Nanti itu yang berpindah pusat pemerintahannya saja atau turut membawa pusat perekonomiannya juga?
Ibu kota pemerintahaan, (ka­lau) bisnis tetap di Jakarta.

Berarti nanti untuk mengu­rus perizinan yang terkait pe­merintah pusat akan semakin jauh dong?

Ya nggak, sekarang kan zaman online. Masa masih perlu datang ngisi formulir. Itu zaman kuno.

Oh ya, Bappenas meng­gelar Musrembang Nasional. Apa sih yang membedakan Musrembang Nasional tahun ini dari tahun-tahun sebel­umnya?
Yang pertama kita bisa meli­hat pada tema yang lebih ringkas tapi fokus. Karena kalau kita membaca temanya itu intinya adalah hanya gabungan dari empat kata kunci, investasi, infrastruktur, pertumbuhan, dan pemerataan. Itu kata kuncinya, jadi kita hanya menggabungkan itu semua, karena kita tidak ingin nanti ke mana-mana.

Kenapa empat kata kunci itu yang dimunculkan?
Karena kita ingin target per­tumbuhan 2018 itu difokuskan pada investasi. Karena kalau kita bertumpu pada konsumsi atau ekspor, tampaknya susah untuk mendorong di atas 5 persen. Yang bisa mendorong di atas 5 persen adalah investasi. Selama ini kan pertumbuhan investasi kita relatif agak lambat tapi perlulah percepatan investasi, makanya itu masuk ke dalam keyword.

Lalu kenapa pilihannya investasi infrastruktur?
Karena itu sudah ada sejak tahun pertama tahun 2015, sehingga kita ingin pada 2018 seperti keinginan Presiden, se­bagian besar proyek infrastruk­tur yang sudah dikerjakan itu selesai.

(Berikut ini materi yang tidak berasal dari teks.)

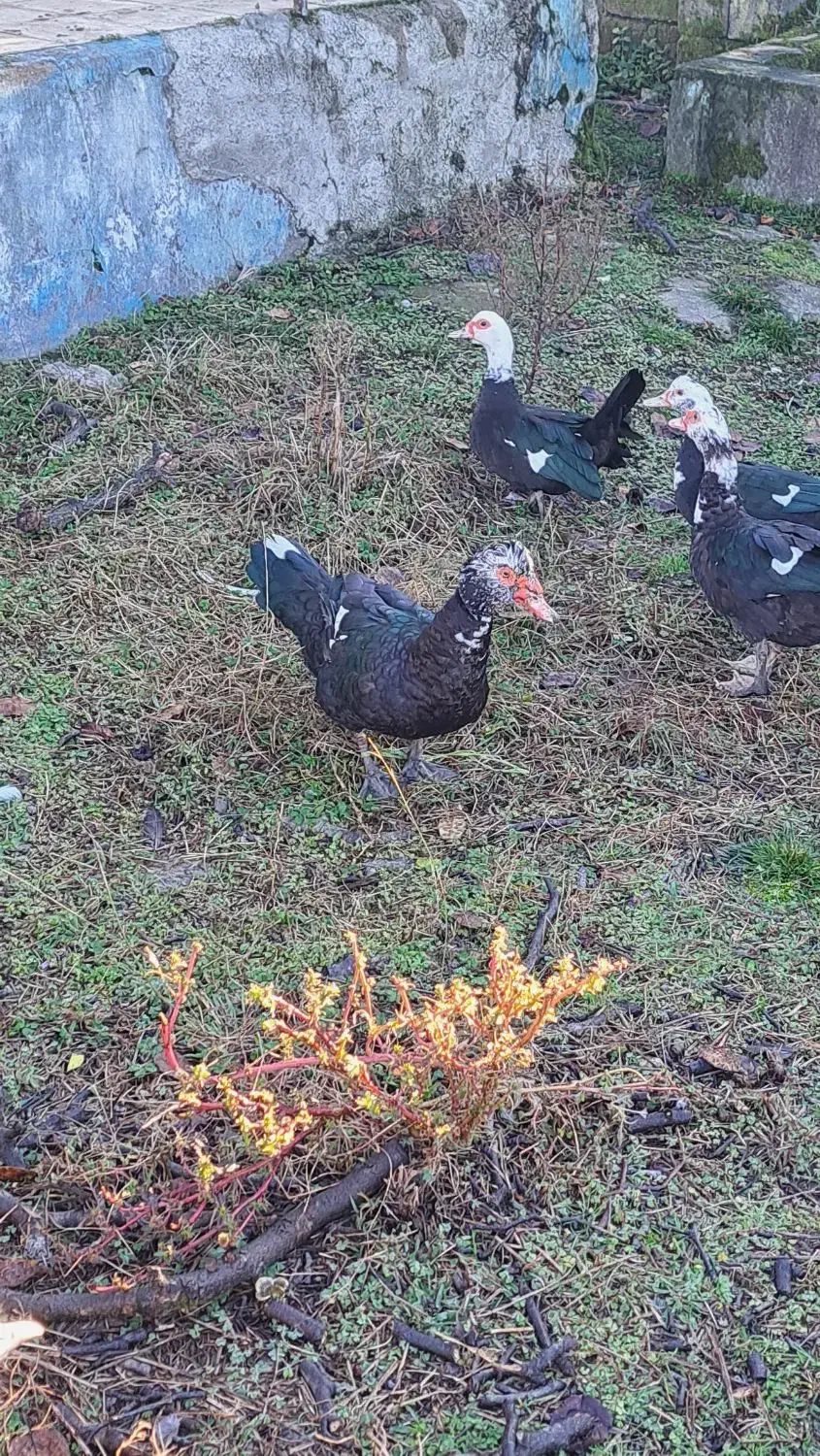 اردک و بوقلمون|حیوانات مزرعه|پره‌سر, |دیوار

Jadi ini tahun pemantapan sekaligus menyelesaikan dari proyek infrastruktur yang ber­jalan sekaligus juga ingin me­negaskan bahwa infrastruktur tetap akan diperlukan selama kita masih ketinggalan di da­lam penyedian infrastruktur itu sendiri.

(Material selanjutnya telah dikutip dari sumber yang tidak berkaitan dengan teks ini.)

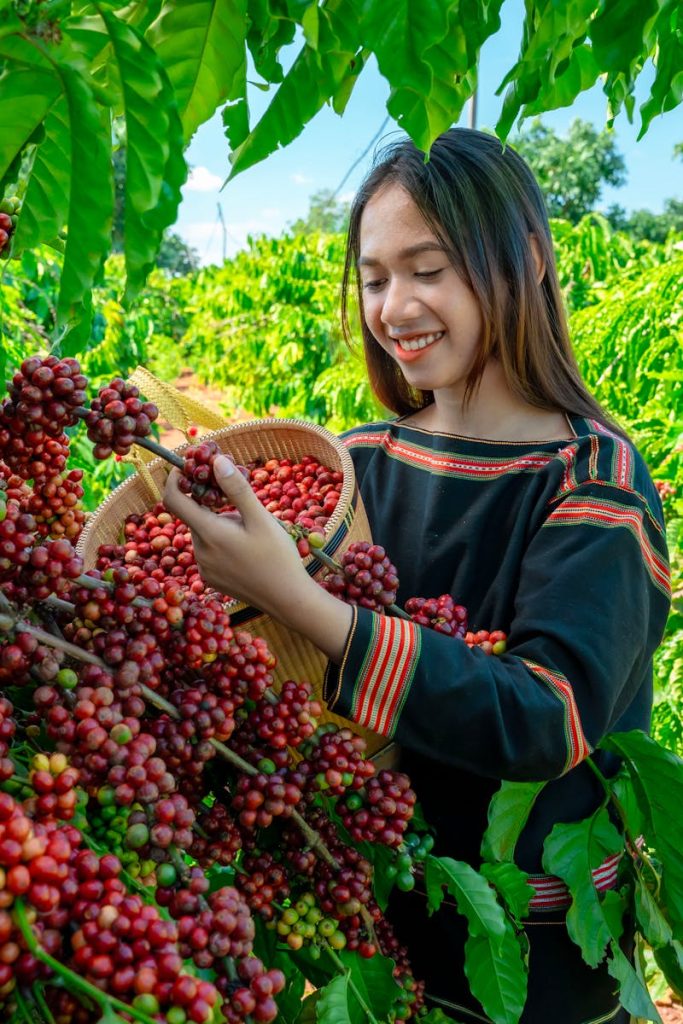 Smiling woman picks ripe coffee berries in a vibrant outdoor plantation.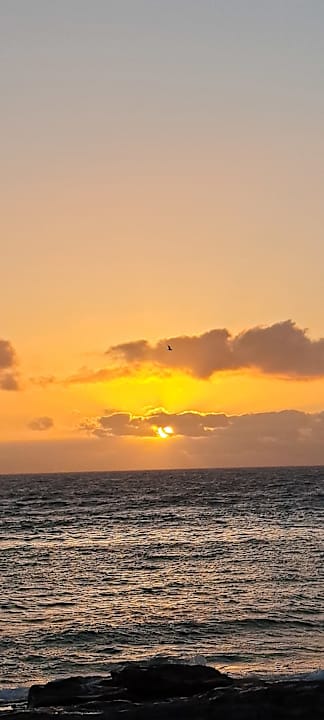 Ausblick allsun App.-Hotel Barlovento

Pertumbuhan sudah jelas, apalagi satu lagi yang pent­ing adalah pemeratan. Kita ingin, kalau ada pertumbuhan, itu adalah pertumbuhan yang berkualitas dan kualitasnya itu ditunjukan dari pemerataan.

Bagaimana cara pemerintah meningkatkan investasinya?
Dari poin yang disampaikan oleh Presiden adalah kebebasan dalam memilih. Kalau kamu jadi investor, bukan berarti kamu harus invest di tempat saya, kalau kamu merasa tidak tepat di tempat saya maka kamu akan invest di tempat lain. Artinya kalau dia tidak suka kabupaten A, dia akan lari ke kabupaten B atau dia lari ke kota C, bahkan kalau dia bisa memilih tidak di Indonesia.

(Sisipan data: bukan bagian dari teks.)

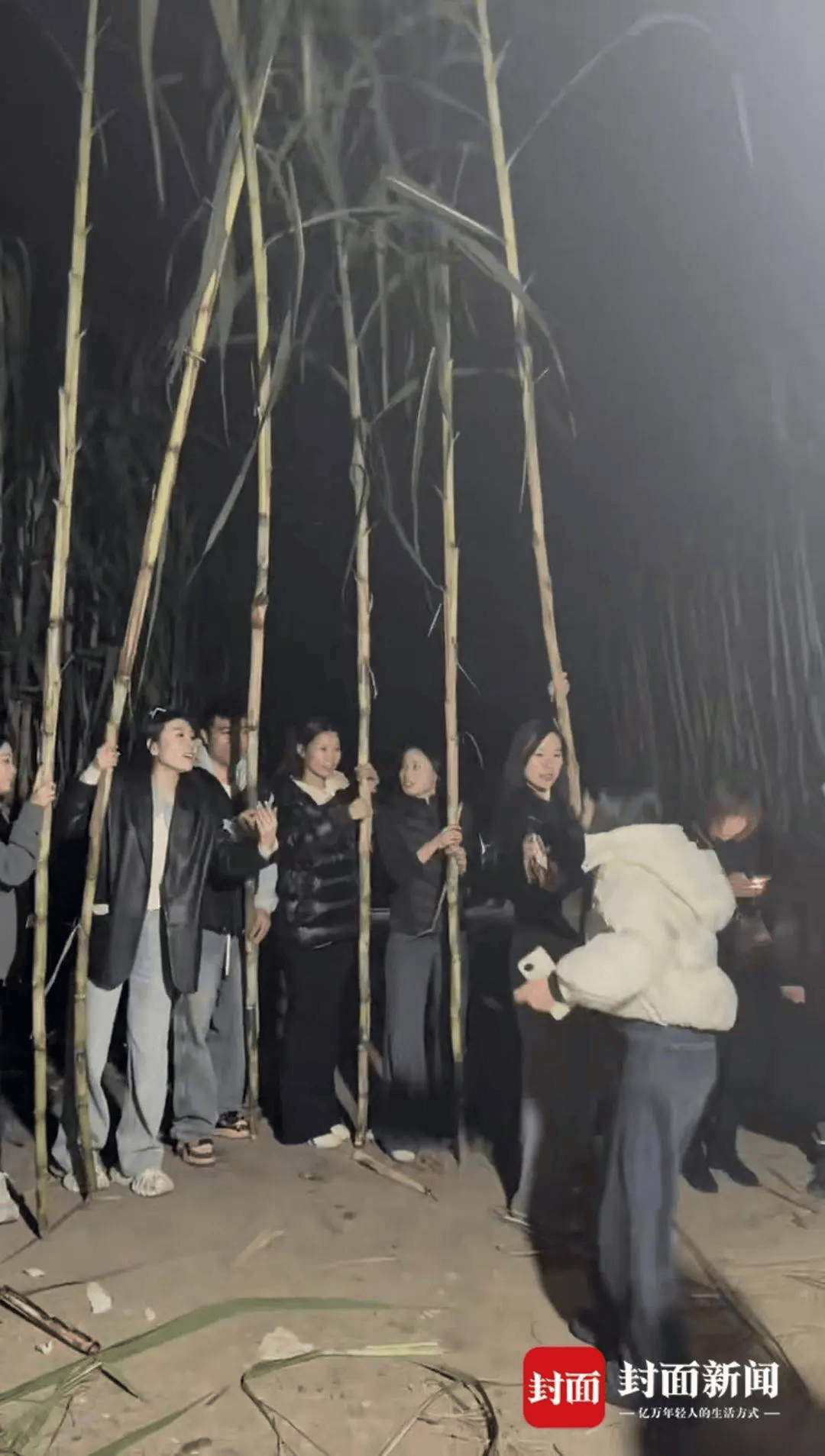 四川眉山“偷甘蔗农场”爆火!增设2.99元入场费后<strong></p>
<p>欧易OKEX官网</strong>,地里仍来了上千游客,“偷甘蔗”被逮到的人要表演才艺,老板:日销售有时近万元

Itu tidak berlaku hanya untuk investor luar negeri, investor luar negeri pun punya pemikiran yang sama, kalau dia ingin ekspansi tapi dia merasa dalam negerinya tidak mendorong ke­inginannya untuk ekspansi.

Lantas apa yang seharusnya dilakukan?
Intinya memang sikap untuk bersaing harus ditunjukkan dan salah satunya untuk menjaga per­saingan adalah tidak membuat aturan yang terlalu mengikat atau berlebihan sehingga akh­irnya membuat investor tidak nyaman. Jadi bagaimana daerah membuat kenyamanan itu pent­ing, kedua daerah harus mau investasi melalui infrastruktur. Infrastruktur buat apa, selain buat masyarakatnya, infrastruk­tur juga membuat investor mau datang ke sana. ***

Populer

Kapolri Diminta Turun Tangan terkait Kasus Temuan Senpi di Bekasi

Sabtu, 04 April 2026 | 02:17

Permohonan Pengosongan Rumah Anak Zulhas Diajukan ke PN Jaktim

Rabu, 01 April 2026 | 18:05

Oknum Guru Diduga Tilep Rp1,1 Miliar dengan Modus Tukar Uang Lebaran

Sabtu, 04 April 2026 | 02:23

Kehadiran Anies di Cikeas Jadi Masalah Serius

Jumat, 27 Maret 2026 | 02:08

KPK Harus Jemput Paksa Bos Rokok HS M Suryo

Minggu, 05 April 2026 | 09:04

Mengapa Kapal Pertamina Tidak Bisa Lewat Selat Hormuz?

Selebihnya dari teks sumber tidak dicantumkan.